In his senior year of college, Jack Holsclaw enrolled in the government sponsored Civilian Pilot Training Program and earned his pilot’s license. On October 5, 1942, he enlisted in the army as a private. He entered pilot training at Tuskegee Army Airfield as a member of class 43-G-SE. After completing his training, he received his wings and was commissioned as a 2nd Lieutenant on July 28, 1943. Lieutenant Holsclaw received advanced training at Selfridge Field near Detroit, Michigan before his squadron was deployed to Italy in December 1943.

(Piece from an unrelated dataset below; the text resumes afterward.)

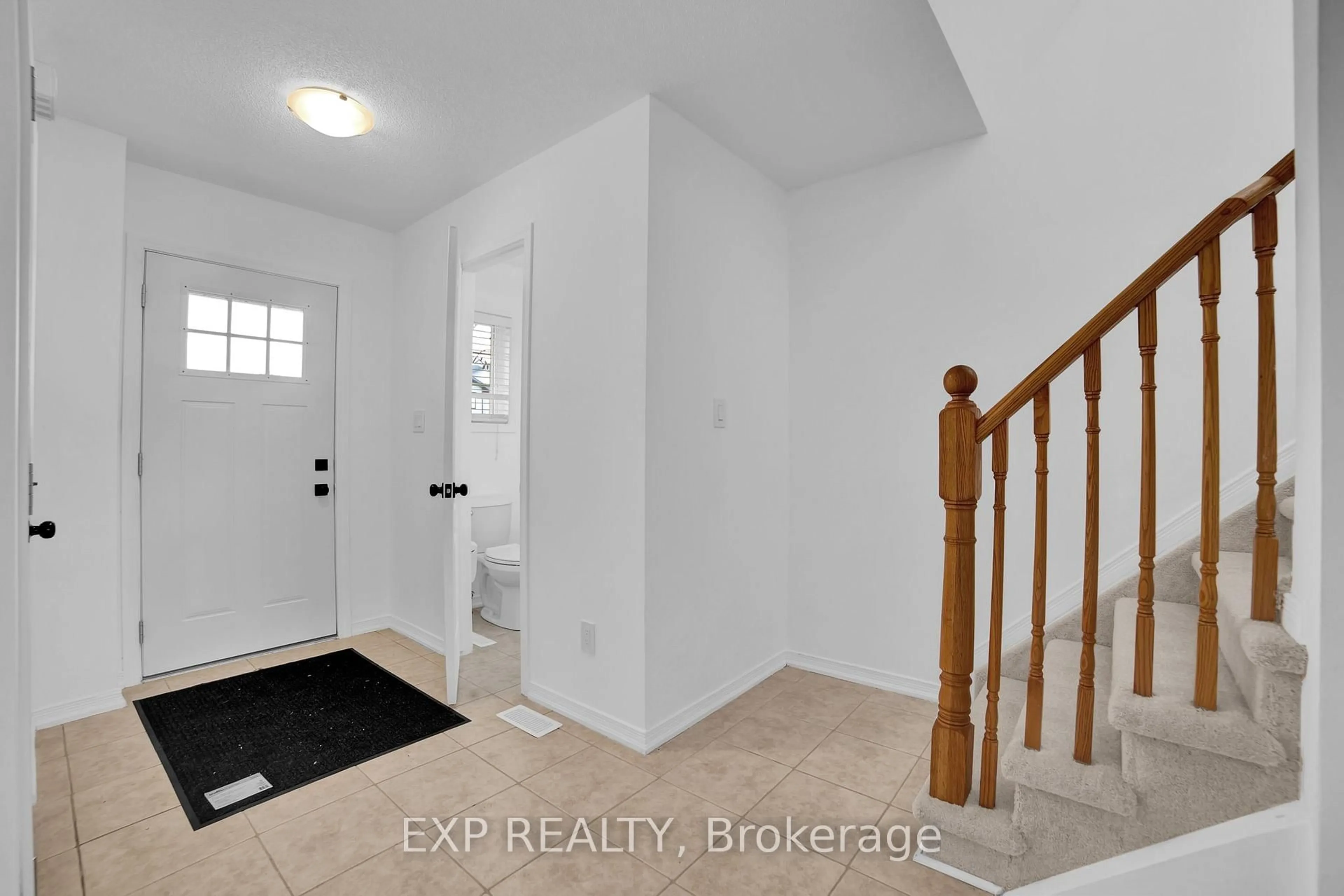 Indoor entryway for 1436 Benson St, Innisfil Ontario L9S 0C8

Lieutenant Holsclaw was assigned to the 100th Fighter Squadron, 332d Fighter Group, an all-black pursuit squadron. Holsclaw named his favorite P-51 “Bernice Baby,” in honor of his wife.
On July 18, 1944, in an aerial battle over Italy, Holsclaw shot down two German fighters; for this action, he received the Distinguished Flying Cross. By December 1944, Holsclaw had completed 68 combat missions, nearing the limit of 70. Then he became Assistant Operations Officer, an important administrative position that included aerial mission planning. In January 1945, Holsclaw was promoted to captain.
Captain Holsclaw returned to the United States in June 1945 to serve as Assistant Base Operations Officer at Godman Field in Fort Knox, Kentucky.
Holsclaw went on to teach and conduct training duties. He was an instructor at the Air Force Reserve Officer Training Corps (ROTC) programs at Tuskegee Institute and then Tennessee State College, Nashville. From May 1962 to the end of 1964, he served as Chief of Training Division, Sixth Air Force Reserve Region, at Hamilton Air Force Base, California.
On January 1, 1965, Lieutenant Colonel Holsclaw retired and received the Distinguished Service Medal for his training accomplishments.